The European Union is set to unveil a raft of measures ranging from boosting renewables and LNG imports to lowering energy demand in its quest to cut dependence on Russian supplies.
The 195 billion-euro ($205 billion) plan due Wednesday will center on cutting red tape for wind and solar farms, paving the way for renewables to make up an increased target of 45% of its energy needs by 2030, according to draft documents seen by Bloomberg that are still subject to change. It is set to also agree union-wide emergency rules in the event of a wide supply disruption.
The plan will give details about the EU’s attempt to reduce purchases of Russian gas by two-thirds this year. It, however, remains a mammoth challenge as the country accounted for about 40% of the bloc’s gas demand and finding replacements won’t be easy. The region has also been trying boost clean power, and some in the EU argue that the risk of a cutoff by Moscow should speed up the pivot.
“Already before Russia’s barbaric attack on Ukraine, we knew that we needed to move away from fossil fuels to a more sustainable economy,” said European Commission President Ursula von der Leyen, said at a hydrogen event in Poland on Tuesday. “This transition will provide us not just with abundant and affordable clean energy, but also with energy security.”
Still, the bulk of the bloc’s strategy will rely on finding gas from elsewhere.

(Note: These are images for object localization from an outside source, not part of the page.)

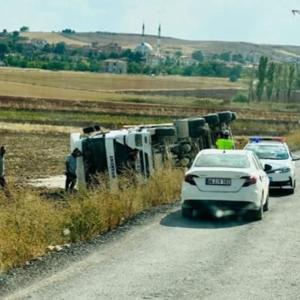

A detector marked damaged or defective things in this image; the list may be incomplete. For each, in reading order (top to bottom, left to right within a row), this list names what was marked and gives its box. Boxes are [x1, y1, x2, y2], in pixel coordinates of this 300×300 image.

overturned truck [70, 110, 237, 188]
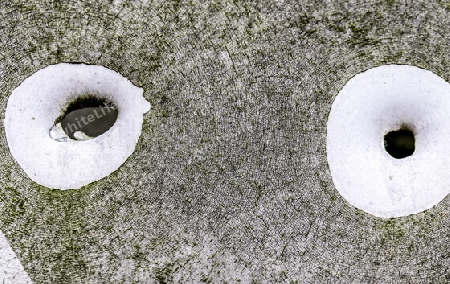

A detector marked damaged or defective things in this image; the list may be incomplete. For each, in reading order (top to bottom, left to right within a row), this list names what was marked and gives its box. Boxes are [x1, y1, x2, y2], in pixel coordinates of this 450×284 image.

chipped white paint [3, 63, 151, 190]
chipped white paint [326, 65, 450, 217]
chipped white paint [0, 231, 32, 284]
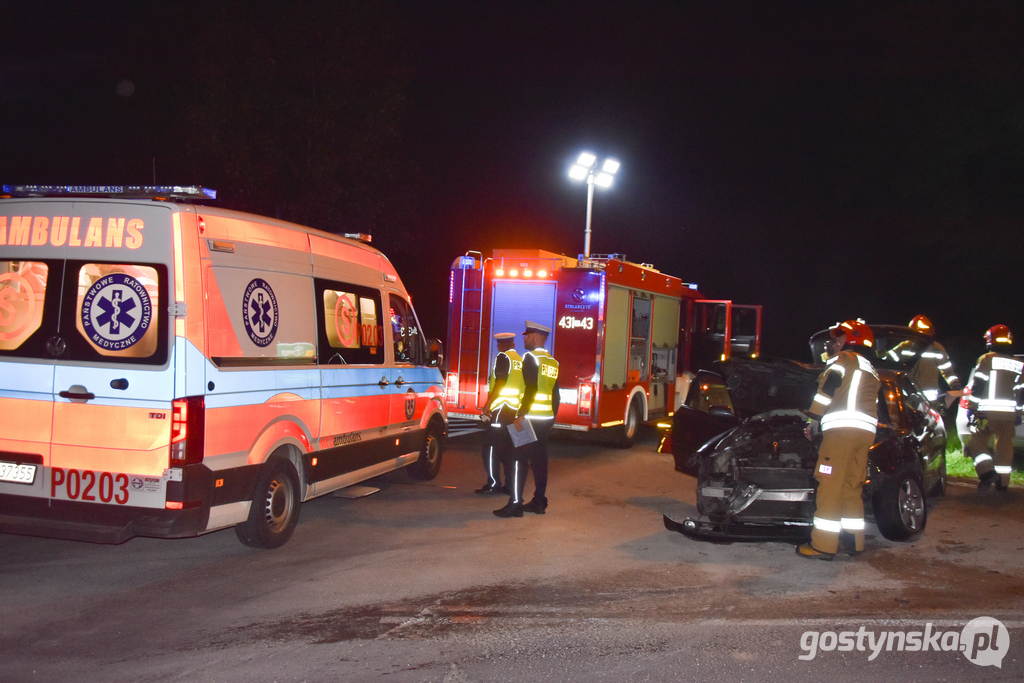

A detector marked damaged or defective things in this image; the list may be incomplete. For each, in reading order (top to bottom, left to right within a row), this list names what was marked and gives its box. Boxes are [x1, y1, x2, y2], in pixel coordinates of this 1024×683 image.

damaged black car [664, 352, 944, 544]
second damaged car [664, 358, 944, 544]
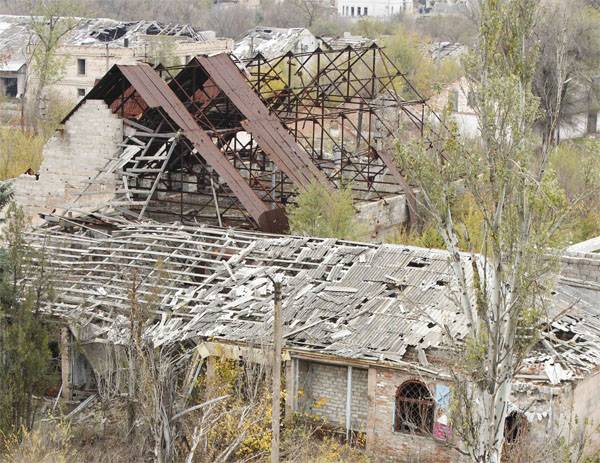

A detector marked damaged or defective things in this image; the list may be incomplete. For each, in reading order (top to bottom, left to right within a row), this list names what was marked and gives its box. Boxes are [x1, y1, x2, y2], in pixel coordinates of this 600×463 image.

broken window [396, 380, 434, 436]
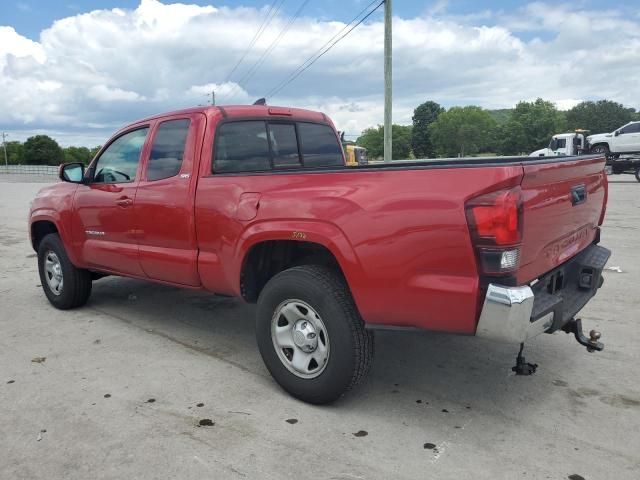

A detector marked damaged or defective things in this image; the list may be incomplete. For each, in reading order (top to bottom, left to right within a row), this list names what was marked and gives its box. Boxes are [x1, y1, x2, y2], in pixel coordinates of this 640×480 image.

cracked asphalt [3, 174, 640, 478]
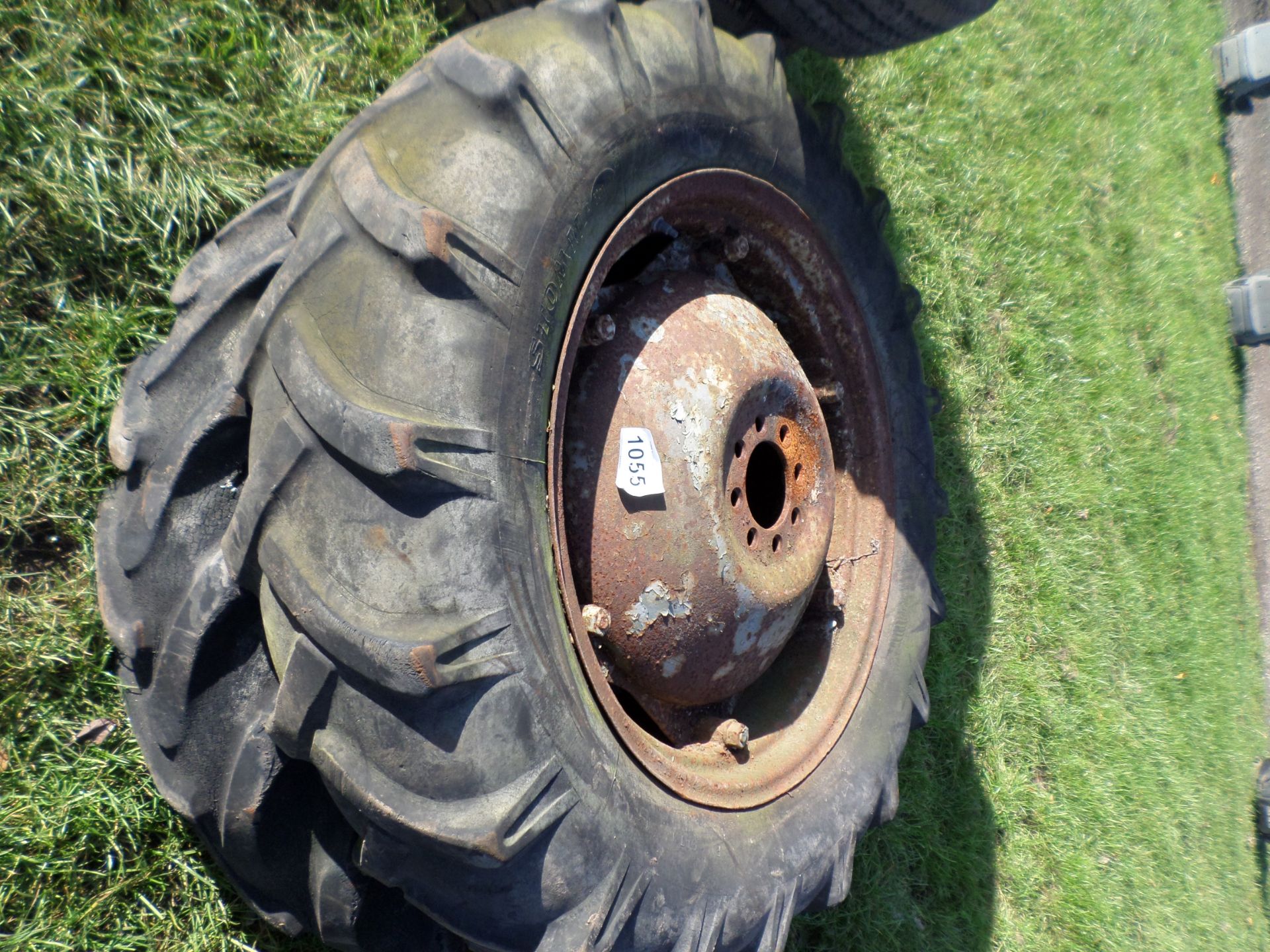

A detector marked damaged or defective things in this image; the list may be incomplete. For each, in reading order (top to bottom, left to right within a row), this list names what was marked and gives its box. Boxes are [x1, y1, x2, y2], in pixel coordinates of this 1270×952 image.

rusty hub [561, 274, 838, 711]
rusty hub [546, 170, 894, 807]
rusty steel wheel rim [551, 167, 899, 807]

Liquefied natural gas is set to replace around 50 cubic meters of Russian supplies, almost a third of the total. African nations such as Nigeria, Senegal and Angola offer largely untapped potential for LNG, the EU is expected to say. Italy’s Eni SpA has already moved to secure supplies from the continent.

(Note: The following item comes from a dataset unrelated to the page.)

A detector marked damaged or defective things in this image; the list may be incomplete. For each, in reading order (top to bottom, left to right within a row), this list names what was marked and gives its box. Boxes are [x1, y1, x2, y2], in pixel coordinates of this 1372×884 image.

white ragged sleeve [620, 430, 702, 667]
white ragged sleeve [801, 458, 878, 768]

Under the latest plans, the EU will recommend agreeing common principles for emergency responses should there be a wider supply disruption. It could cap gas prices to avoid “unbearably high” costs if Russia, the region’s biggest supplier, significantly limits or cuts off flows.
The plans also put a renewed focus on energy savings. The bloc will boost its efficiency goal to reduce consumption by at least 13% from projections made in 2020 versus the current 9%. It will also come forward with an “EU Save” campaign to encourage citizens to use less fuel.